-- Problem statement --
Read through the data and count the lines that contain the string "Retro"; give only the result.
::::
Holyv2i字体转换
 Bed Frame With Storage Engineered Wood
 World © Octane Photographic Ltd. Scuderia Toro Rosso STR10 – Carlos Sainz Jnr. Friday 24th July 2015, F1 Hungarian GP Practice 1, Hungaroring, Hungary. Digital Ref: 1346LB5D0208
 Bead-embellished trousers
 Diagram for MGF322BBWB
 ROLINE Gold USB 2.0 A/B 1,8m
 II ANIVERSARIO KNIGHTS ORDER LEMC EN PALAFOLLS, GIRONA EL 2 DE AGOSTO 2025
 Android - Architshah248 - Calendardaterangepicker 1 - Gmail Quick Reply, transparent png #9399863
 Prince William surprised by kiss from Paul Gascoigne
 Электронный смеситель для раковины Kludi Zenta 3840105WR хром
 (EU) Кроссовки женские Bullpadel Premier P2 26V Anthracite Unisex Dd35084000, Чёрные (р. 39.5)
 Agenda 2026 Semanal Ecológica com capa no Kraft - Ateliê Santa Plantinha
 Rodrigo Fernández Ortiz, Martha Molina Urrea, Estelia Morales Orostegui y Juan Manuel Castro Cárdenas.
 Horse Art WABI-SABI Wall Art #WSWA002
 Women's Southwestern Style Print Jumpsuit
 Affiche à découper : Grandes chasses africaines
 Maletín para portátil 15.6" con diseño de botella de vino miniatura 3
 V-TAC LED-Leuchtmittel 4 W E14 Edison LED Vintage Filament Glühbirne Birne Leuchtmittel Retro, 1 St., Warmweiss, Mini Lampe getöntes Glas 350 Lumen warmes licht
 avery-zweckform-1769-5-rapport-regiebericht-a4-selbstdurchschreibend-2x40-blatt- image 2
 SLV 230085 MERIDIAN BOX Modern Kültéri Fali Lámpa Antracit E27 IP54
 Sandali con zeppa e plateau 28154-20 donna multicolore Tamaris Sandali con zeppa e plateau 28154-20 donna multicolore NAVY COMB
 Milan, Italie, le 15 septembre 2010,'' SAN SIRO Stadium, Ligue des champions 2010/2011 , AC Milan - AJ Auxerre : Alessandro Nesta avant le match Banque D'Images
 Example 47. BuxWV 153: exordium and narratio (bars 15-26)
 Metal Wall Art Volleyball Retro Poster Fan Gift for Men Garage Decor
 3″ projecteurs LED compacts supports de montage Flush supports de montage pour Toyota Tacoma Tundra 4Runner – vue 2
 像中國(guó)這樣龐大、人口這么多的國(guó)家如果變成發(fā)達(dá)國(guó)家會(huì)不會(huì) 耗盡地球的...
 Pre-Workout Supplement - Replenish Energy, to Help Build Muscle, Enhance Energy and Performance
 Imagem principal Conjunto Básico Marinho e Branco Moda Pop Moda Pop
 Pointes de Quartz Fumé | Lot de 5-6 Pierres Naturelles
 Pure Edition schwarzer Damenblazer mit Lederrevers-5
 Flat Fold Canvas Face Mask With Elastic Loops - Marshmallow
::::
-- Response for this exercise --
2